By Enyichukwu Enemanna
In response to President Donald Trump’s threat to increase tariffs on goods coming into the United States, the World Trade Organisation (WTO) has urged nations to remain calm over tariffs, warning that a tit-for-tat trade war would be “catastrophic” for the global economy.
WTO Chief, Ngozi Okonjo-Iweala, made the appeal on Thursday during a panel discussion on tariffs at the World Economic Forum in Davos, Switzerland.
Shortly before his inauguration on Monday as the 47th US President, Trump issued a tariff threat against China, the European Union, Mexico, and Canada.
The WTO Director-General, a former Nigerian Finance Minister, urged cooler heads to prevail, saying: “Please let’s not hyperventilate. I know we are here to discuss tariffs. I’ve been saying to everybody: could we chill, also. I just sense a lot of hyperventilation.”
She recalled the fallout from the Smoot-Hawley Tariff Act in the United States during the Great Depression in 1930, which prompted retaliation and worsened the global economic crisis at the time.
“We are very much saying to our members at the WTO: you have other avenues. Even if a tariff is levied, please keep calm, don’t wake up and, without the necessary groundwork, levy your own,” she said.

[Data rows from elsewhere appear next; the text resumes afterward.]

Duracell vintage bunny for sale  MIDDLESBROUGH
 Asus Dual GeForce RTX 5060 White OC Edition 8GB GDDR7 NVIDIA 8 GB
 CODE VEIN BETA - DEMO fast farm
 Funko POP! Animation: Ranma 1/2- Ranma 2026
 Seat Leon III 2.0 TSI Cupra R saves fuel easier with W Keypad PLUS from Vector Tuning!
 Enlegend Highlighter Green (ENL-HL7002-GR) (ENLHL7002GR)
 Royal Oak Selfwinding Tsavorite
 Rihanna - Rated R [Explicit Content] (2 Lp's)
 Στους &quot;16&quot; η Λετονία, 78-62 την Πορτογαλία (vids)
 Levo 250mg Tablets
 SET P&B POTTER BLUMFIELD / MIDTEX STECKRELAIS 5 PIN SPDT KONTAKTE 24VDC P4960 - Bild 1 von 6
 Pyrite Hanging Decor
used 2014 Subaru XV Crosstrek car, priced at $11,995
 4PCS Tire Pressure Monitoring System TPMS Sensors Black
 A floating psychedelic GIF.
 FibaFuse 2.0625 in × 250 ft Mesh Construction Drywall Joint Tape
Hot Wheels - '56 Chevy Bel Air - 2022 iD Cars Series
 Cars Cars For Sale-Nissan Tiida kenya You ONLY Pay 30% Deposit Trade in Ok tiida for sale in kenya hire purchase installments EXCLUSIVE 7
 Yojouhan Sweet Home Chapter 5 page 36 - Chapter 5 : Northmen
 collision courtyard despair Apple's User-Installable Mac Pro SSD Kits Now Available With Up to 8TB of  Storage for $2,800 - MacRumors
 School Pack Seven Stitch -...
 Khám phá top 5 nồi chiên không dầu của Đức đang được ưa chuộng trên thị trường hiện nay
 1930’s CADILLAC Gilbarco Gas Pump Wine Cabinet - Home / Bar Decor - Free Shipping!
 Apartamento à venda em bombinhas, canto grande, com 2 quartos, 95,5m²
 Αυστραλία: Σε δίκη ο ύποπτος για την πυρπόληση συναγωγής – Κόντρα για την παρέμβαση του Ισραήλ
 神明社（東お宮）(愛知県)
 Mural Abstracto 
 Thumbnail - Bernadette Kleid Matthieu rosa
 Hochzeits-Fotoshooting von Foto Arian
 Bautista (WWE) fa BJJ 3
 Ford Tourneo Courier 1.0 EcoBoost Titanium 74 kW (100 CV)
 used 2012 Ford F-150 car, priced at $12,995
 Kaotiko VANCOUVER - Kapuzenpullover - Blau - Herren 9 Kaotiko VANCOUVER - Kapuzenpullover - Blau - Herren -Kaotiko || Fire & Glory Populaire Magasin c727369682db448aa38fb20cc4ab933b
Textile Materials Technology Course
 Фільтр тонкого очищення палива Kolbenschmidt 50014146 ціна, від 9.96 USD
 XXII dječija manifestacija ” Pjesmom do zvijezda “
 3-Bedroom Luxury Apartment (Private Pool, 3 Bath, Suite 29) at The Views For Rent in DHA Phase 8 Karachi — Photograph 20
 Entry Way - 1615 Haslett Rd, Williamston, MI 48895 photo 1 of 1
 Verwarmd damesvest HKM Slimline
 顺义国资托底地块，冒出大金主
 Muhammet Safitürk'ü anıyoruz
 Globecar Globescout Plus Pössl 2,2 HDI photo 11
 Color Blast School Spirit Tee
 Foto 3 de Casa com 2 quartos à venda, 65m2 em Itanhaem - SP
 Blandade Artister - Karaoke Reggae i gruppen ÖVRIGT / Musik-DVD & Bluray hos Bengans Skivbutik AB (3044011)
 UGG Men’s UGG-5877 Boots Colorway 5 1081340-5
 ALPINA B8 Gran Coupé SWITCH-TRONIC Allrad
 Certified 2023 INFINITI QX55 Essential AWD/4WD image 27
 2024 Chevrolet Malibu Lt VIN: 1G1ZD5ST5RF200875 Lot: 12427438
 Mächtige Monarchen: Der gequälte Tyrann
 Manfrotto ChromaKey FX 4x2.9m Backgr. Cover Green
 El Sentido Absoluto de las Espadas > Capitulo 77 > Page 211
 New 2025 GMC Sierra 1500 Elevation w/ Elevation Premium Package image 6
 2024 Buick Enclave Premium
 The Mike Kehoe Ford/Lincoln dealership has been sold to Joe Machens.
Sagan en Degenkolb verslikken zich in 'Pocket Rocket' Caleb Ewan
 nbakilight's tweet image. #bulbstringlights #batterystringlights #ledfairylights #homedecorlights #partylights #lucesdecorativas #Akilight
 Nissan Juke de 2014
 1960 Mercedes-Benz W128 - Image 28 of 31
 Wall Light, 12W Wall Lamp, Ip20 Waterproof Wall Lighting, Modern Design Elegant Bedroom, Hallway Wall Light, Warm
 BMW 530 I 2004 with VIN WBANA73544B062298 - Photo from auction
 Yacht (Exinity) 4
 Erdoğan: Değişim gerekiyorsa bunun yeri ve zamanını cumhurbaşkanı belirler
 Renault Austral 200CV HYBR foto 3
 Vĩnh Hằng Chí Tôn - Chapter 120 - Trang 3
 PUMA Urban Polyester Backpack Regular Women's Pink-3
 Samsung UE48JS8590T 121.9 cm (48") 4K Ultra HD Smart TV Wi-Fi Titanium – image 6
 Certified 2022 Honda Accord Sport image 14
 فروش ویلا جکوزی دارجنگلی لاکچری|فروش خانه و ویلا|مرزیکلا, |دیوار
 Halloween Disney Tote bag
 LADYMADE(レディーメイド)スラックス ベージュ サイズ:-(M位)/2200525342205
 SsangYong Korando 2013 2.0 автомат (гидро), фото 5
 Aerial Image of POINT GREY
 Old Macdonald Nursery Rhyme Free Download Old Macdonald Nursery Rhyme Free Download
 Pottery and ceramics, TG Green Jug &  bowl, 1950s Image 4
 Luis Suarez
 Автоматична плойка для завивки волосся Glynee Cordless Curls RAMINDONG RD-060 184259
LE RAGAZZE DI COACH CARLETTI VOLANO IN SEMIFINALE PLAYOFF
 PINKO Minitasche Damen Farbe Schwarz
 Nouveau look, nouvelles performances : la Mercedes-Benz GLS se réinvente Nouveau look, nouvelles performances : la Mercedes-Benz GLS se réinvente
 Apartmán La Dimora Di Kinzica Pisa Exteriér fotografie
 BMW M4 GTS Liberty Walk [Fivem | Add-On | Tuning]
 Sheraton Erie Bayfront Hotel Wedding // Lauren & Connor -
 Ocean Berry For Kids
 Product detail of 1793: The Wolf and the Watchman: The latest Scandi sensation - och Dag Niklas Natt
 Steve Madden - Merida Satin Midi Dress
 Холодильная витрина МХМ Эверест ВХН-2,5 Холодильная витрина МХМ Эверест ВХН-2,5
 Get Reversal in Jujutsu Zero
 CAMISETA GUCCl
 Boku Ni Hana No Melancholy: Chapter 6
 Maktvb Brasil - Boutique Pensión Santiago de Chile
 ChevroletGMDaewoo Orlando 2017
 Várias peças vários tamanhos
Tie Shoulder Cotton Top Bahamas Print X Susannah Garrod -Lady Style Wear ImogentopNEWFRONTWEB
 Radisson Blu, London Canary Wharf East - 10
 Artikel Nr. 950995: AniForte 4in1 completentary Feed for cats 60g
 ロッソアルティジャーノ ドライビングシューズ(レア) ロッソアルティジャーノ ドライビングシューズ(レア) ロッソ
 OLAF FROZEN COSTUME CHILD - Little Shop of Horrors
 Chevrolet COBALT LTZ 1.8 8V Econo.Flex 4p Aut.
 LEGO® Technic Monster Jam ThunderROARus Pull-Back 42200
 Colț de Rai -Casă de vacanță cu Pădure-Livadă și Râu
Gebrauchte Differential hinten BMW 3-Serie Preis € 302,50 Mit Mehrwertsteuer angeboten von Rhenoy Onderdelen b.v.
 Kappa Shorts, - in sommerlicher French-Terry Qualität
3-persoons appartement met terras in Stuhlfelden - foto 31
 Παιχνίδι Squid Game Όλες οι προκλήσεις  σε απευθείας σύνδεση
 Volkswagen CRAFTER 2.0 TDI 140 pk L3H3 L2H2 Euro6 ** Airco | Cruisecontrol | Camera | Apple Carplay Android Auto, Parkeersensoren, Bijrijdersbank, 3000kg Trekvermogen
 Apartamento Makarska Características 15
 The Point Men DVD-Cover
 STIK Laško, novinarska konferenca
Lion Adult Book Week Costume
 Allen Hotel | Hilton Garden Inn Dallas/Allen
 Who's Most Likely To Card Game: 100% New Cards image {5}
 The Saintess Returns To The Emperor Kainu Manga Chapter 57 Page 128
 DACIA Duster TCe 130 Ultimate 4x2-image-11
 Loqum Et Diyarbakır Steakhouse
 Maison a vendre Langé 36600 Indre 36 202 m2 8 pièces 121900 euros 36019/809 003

“If we have tit-for-tat retaliation, whether it’s 25 per cent tariffs, 60 per cent, and we go to where we were in the 1930s, we are going to see double-digit global GDP losses, double-digit. That’s catastrophic.”
Canada has also warned the US against raising tariffs, threatening to take adequate steps to impose tariff increases on US goods entering the country.